Ukrainian priest and political activist (1893–1979)

Wasyl "Basil" Kushnir (Василь Михайлович Кушнір; September 17, 1893 – September 25, 1979) was a Ukrainian priest and political activist who was elected as the president of the World Congress of Free Ukrainians (WCFU) from 1967 to 1969 and 1973 to 1978, and Ukrainian Canadian Committee (UCC) from 1940 to 1953 and 1959 to 1971.

==Early life and education ==
Kushnir was born on September 17, 1893, in Vikno, West Ukraine, and finished his high school education in Ternopil and Lviv. He served in the Austro-Hungarian Army on the Italian front during World War I and spent three years in captivity. After passing via Odesa, he joined the Red Army and served in Vinnytsia and Kharkiv before fleeing to his hometown. He was a teacher in 1923–1924.

Kushnir studied theology at the Theological Seminary in Lviv and the University of Innsbruck, Austria, after the war. In 1929, he was awarded a doctorate of divinity from the latter institution. He was a professor at the Theological Seminary in Stanislaviv, from 1930 until 1934.

== Career ==
In May 1934, Kushnir immigrated to Canada and was ordained as a Ukrainian Catholic priest in Winnipeg. The customary Zeleni Svyata memorial service for fallen warriors, started in 1936 by Kushnir. Father Kushnir would go on to serve as UCC president for more than two decades.

Kushnir oversaw UCC efforts to assist Canada's government in the early post-World War II repatriation of over 40,000 anti-Soviet Ukrainian émigrés. He was particularly eager to support and encourage the official initiative to receive veterans of the Waffen SS Galicia. In December 1945, he left for a tour of the Ukrainian displacement camps under American and British occupation.

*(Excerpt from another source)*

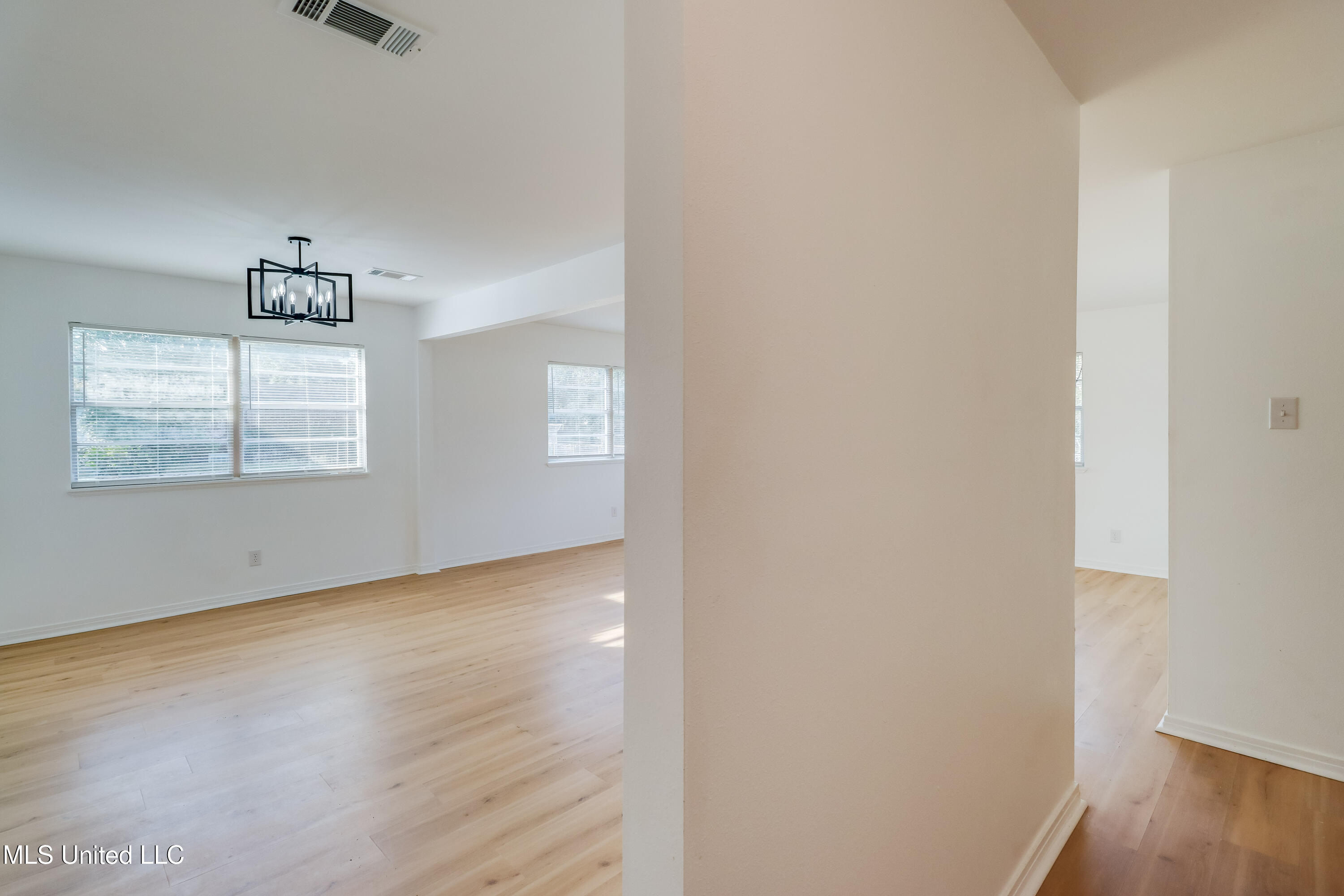 2470 Carter Road Biloxi, MS 39531 - Photo 6 of 22 IMG_9970-Edit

A strong opponent of communism, Kushnir led a team to the United Nations' first session in 1945 in San Francisco, California, where they contested the Ukrainian Soviet Socialist Republic's authority to represent Ukrainians. He presided over the UCC from 1940 to 1953 and again from 1957 to 1972. He was one of its founders. He signed the NATO declaration in 1954 as one of Canada's delegates.

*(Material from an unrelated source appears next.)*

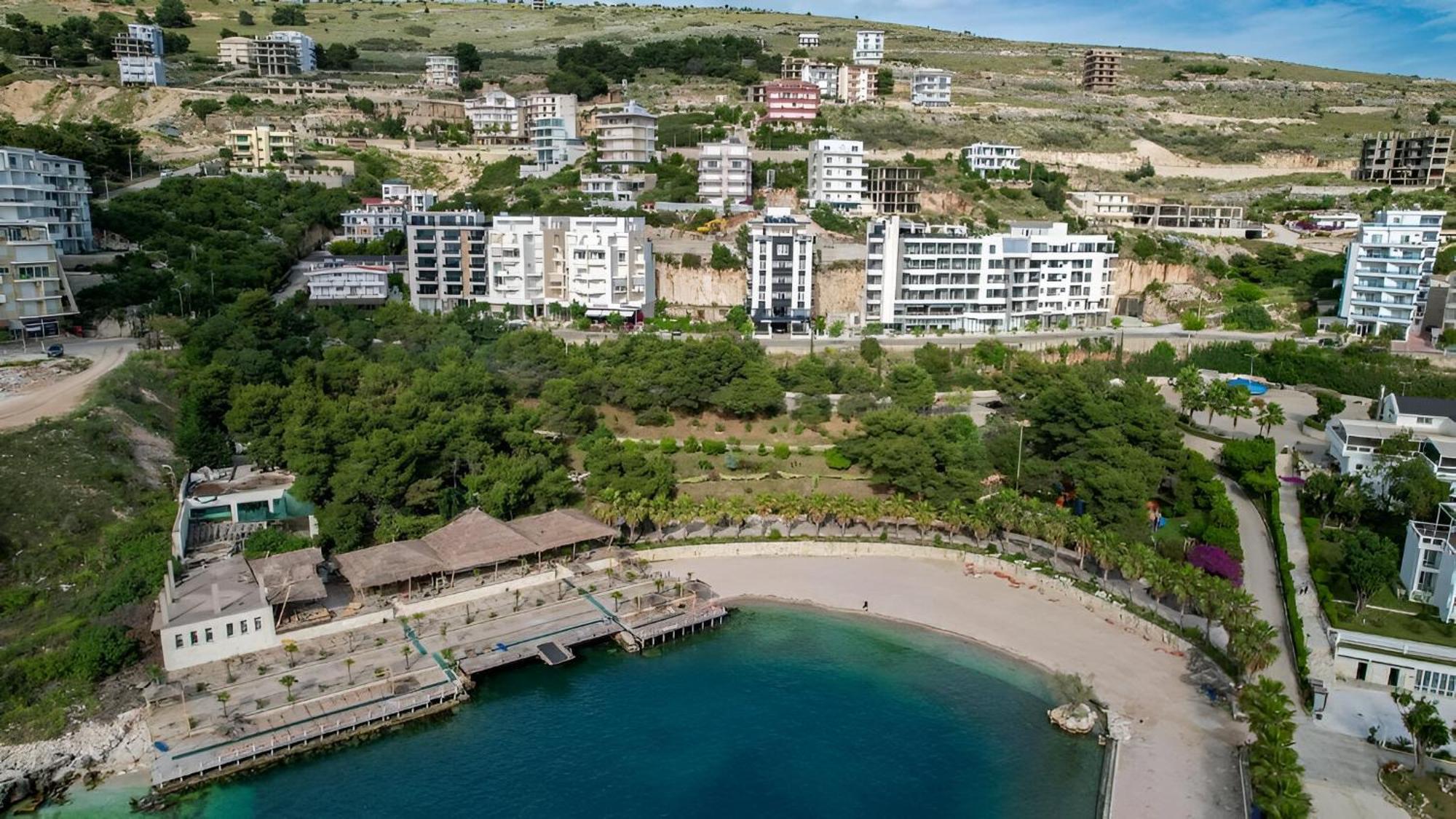 Helia Seaside Hotel Sarande Exterior photo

Under his direction, the Sts. Vladimir and Olga Ukrainian Catholic Cathedral was constructed between 1947 and 1951. He became the UCC's first president, serving in that capacity for the majority of the following thirty years (1940–53 and 1959–71). Pope Pius XII promoted Kushnir to the rank of Domestic Prelate in 1951. Patriarch Josyf Slipyj designated him Mitred priest in 1968. Initiating and chairing the inaugural WCFU, he also served as president of its executive board from 1968 to 1969 and from 1973 to 1978. He founded and served as president of the Pan-American Ukrainian Conference.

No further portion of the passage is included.